Simulating future studies based on prior predictive distribution

The calculations above combines Bayesian and frequentist philosophies. Since no data is being used (the previous study is just a metaphor for prior belief, it doesn´t matter how we got the information) and no posterior distribution is calculated. An alternative way is to make predictions from the prior distribution and evaluate the operating characteristics of these. This is called the prior predictive distribution.

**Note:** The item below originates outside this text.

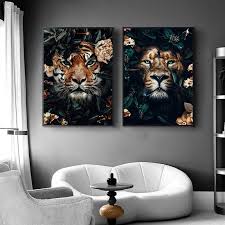 Download and use 90,000+ interior design stock photos for free. Buy Animal Flower Art Posters Tiger Lions Jungle Wall Art Canvas Painting Prints Home Wall Pictures For Living Room Home Cuadros Decoration At Affordable Prices Free Shipping Real Reviews With Photos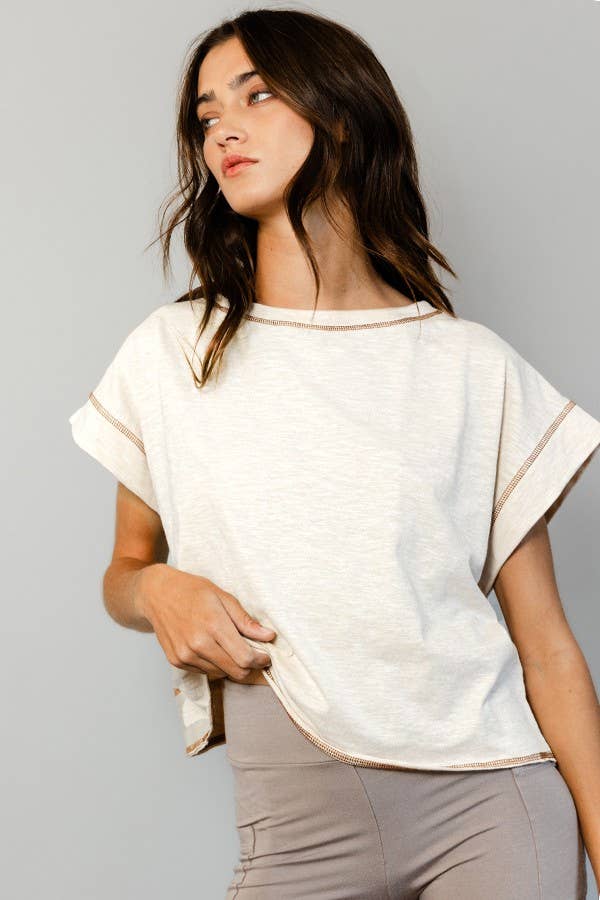 BUCKETLIST INC - Wholesale Knit Top - Women's - T2177 Overlap Open Back Reverse Stitched Crop Top10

\[\begin{align*} f(Y)= \int_{\theta, \sigma}{f(Y| \theta, \sigma^2)\cdot P(\theta, \sigma^2)d\theta\sigma} \end{align*}\]

Lets say

\[\begin{align*} Y &\sim {\sf N}(\theta_{0}, \tau^2_{0}) \end{align*}\] \[\begin{align*} \theta_{0} &\sim {\sf N}([0, 0.5], 1) \end{align*}\] \[\begin{align*} \tau_{0} &\sim {\sf half-t}(3, 0.5, 2.5) \end{align*}\]

The prior mean value of \(\theta_{0}\) is hence 0 and 0.5 for group A and B, respectively. We also evaluate for the prior \(\theta_{0}\sim{\sf N}([0, 1.0], 1)\) that is a mean difference of 1.0. The prior for \(\sigma\) is the default prior in the BRMS package.

By combining these prior distributions we can simulate data that is predictions of observations in future studies.

gc()
library(brms)
library(tidybayes)
library(tidymodels)

# Create dummy data for use when making the predictions from the prior
Empty <- tibble(Y = c(0, 0) , X = factor(c(0, 1), labels = c("A", "B")))

# Two scenarios: prior mu = 0.5 and 0.75.
prior_1 = c( prior(normal(0, 1), class = "b", coef = "XA"),
             prior(normal(0.5, 1), class = "b", coef = "XB") )  
prior_2 = c( prior(normal(0, 1), class = "b", coef = "XA"),
             prior(normal(1, 1), class = "b", coef = "XB") )  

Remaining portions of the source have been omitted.